--- START ---
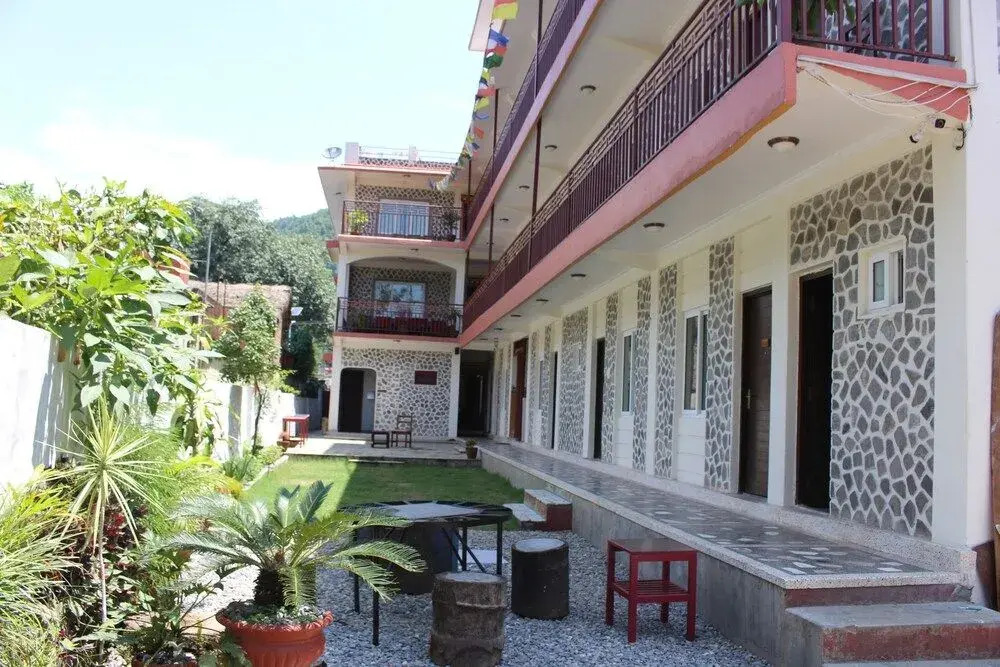 Three Jewels Boutique Hotel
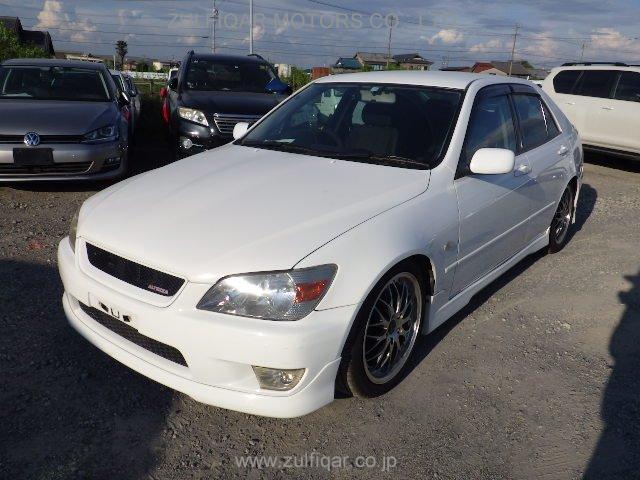 TOYOTA ALTEZZA 2000 Image 10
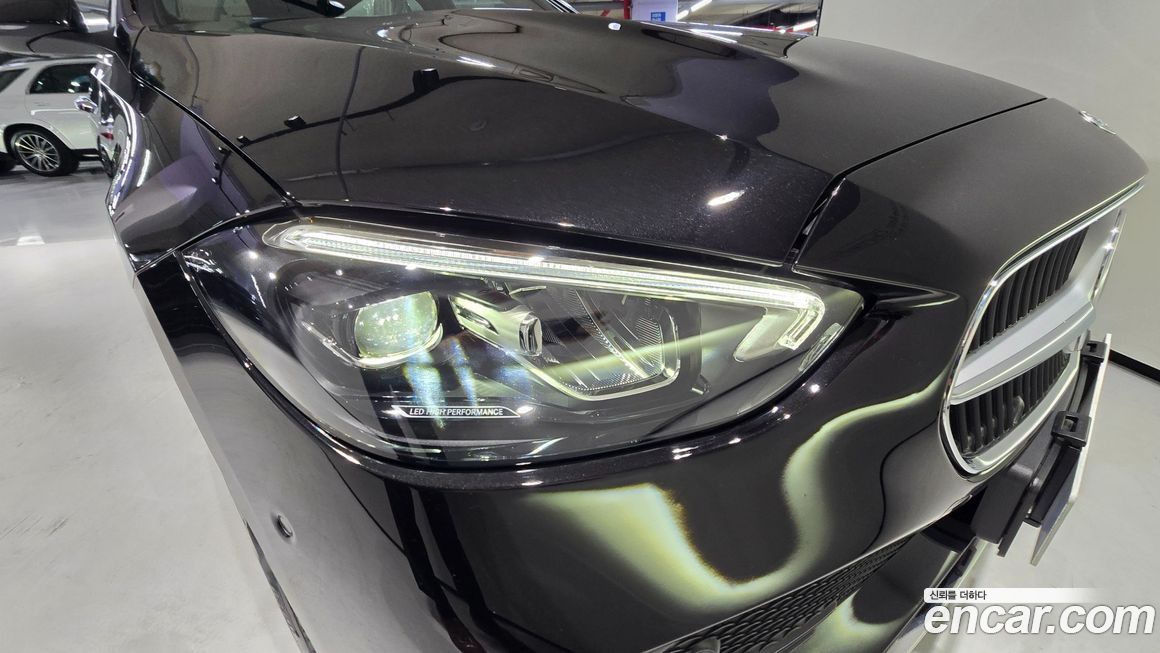 Mercedes-Benz C-Class 2025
--- END ---
Exercise aim
The listing above must be repeated exactly, apart from the pictures.

Answer space
 Three Jewels Boutique Hotel
 TOYOTA ALTEZZA 2000 Image 10
 Mercedes-Benz C-Class 2025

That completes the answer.